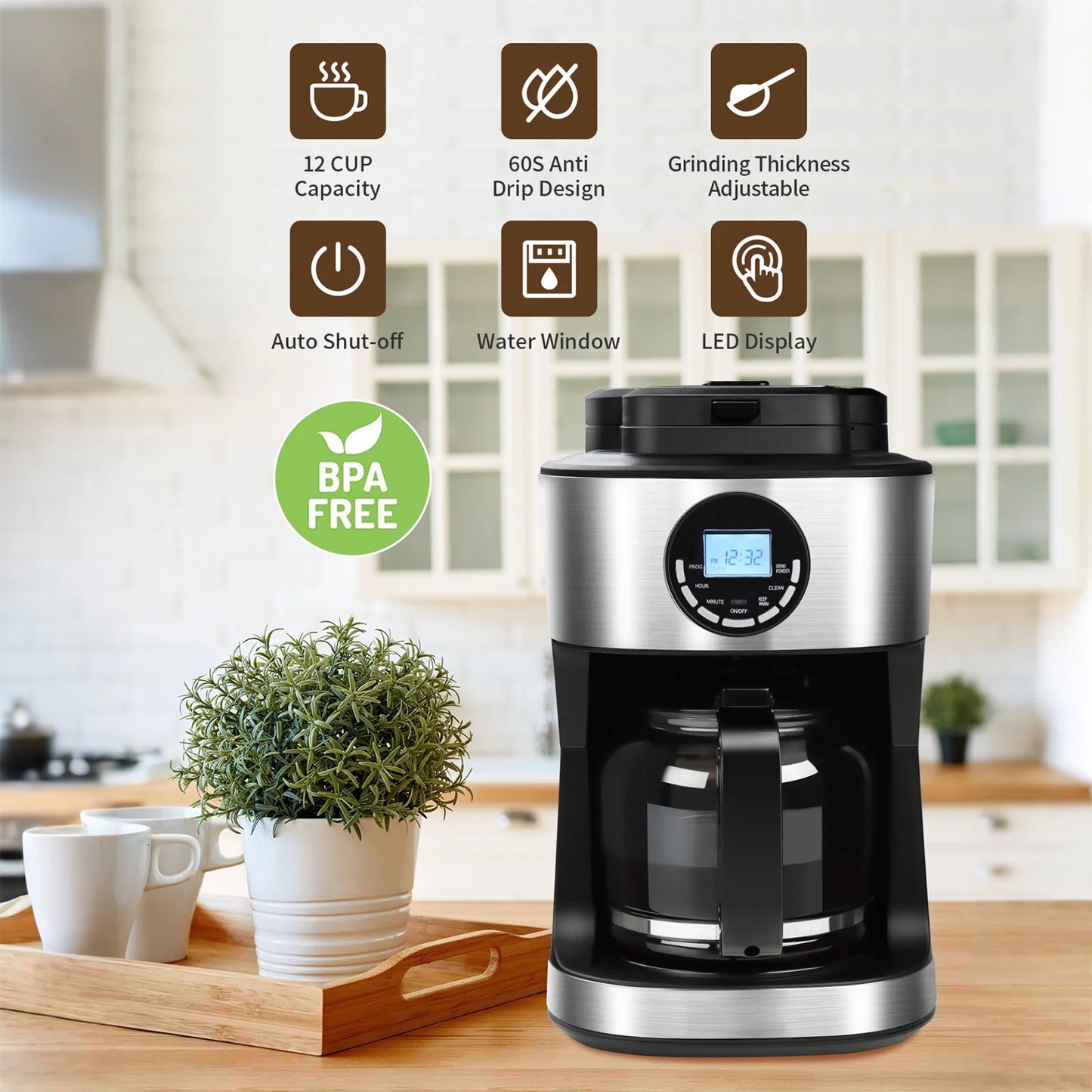 Coffee Maker with Grinder 12 Cups, Programmable Grind and Brew Coffee Machine with Warming Plate, Automatic Drip Coffee Pot with 60 Oz Glass Carafe BPA Free, 950W, Black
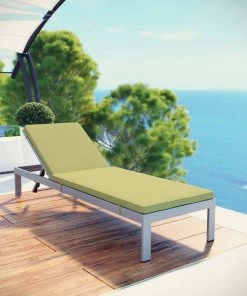 Modway Lounge Chair Outdoor Shore Outdoor Patio Aluminum Chaise With Cushions Silver Peridot
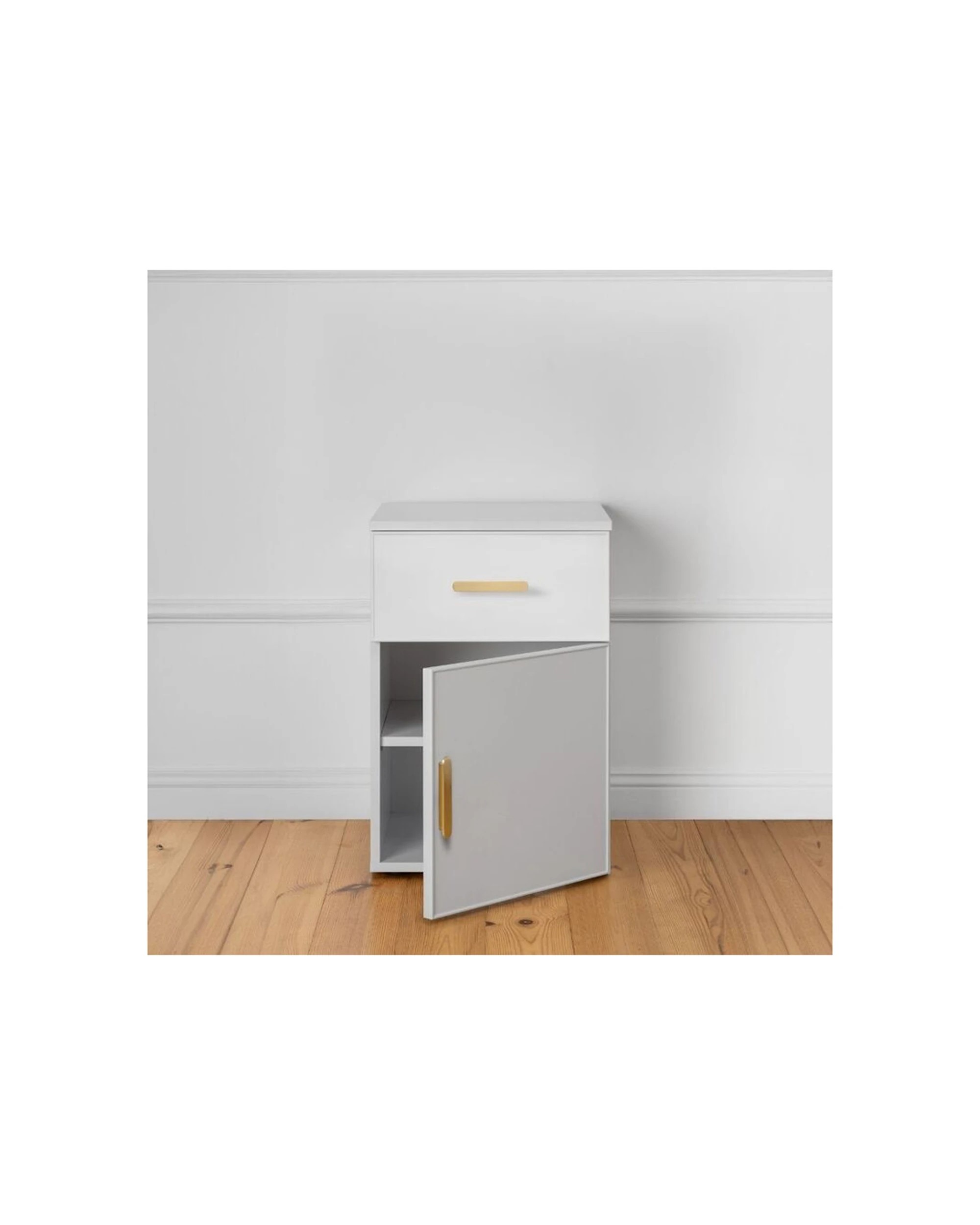 2 European Cabinetry Porto Bedside Table Slim Front Brass Oval Handle - White, 2 of 4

● ● ● ● ●

→ Required action
Please output the listing above in full, exactly as given, without its images.

→ Response area
 Coffee Maker with Grinder 12 Cups, Programmable Grind and Brew Coffee Machine with Warming Plate, Automatic Drip Coffee Pot with 60 Oz Glass Carafe BPA Free, 950W, Black
 Modway Lounge Chair Outdoor Shore Outdoor Patio Aluminum Chaise With Cushions Silver Peridot
 2 European Cabinetry Porto Bedside Table Slim Front Brass Oval Handle - White, 2 of 4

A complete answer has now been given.